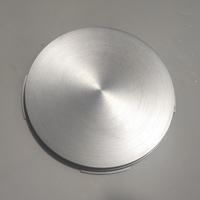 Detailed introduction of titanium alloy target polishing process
--
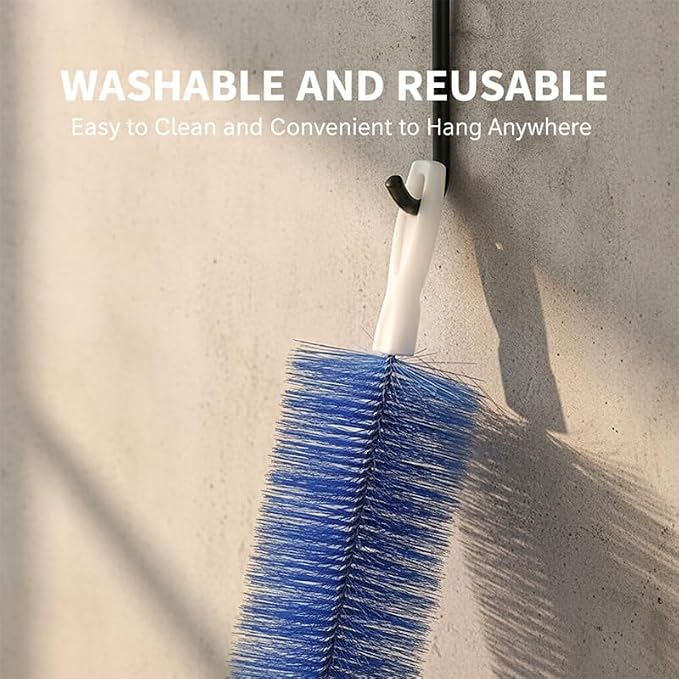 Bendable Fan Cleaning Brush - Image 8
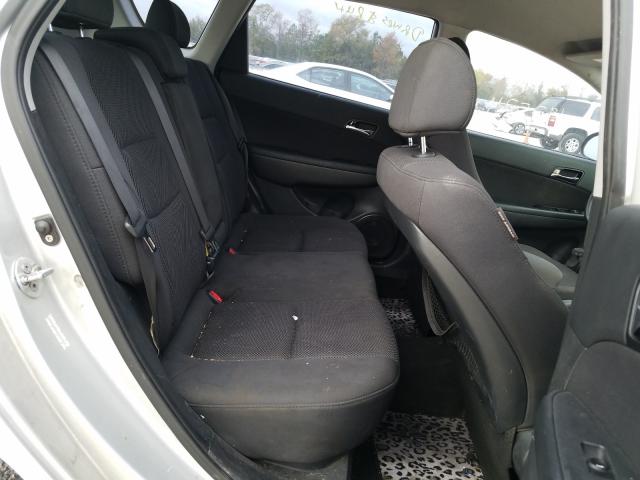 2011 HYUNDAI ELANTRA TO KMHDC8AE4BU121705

*Task brief*. Copy out exactly the lines above beginning with the line that contains "Bendable Fan Cleaning Brush - Image 8" and finishing with the line that contains "2011 HYUNDAI ELANTRA TO KMHDC8AE4BU121705", including both; leave the pictures out.

*Expected answer*.
 Bendable Fan Cleaning Brush - Image 8
 2011 HYUNDAI ELANTRA TO KMHDC8AE4BU121705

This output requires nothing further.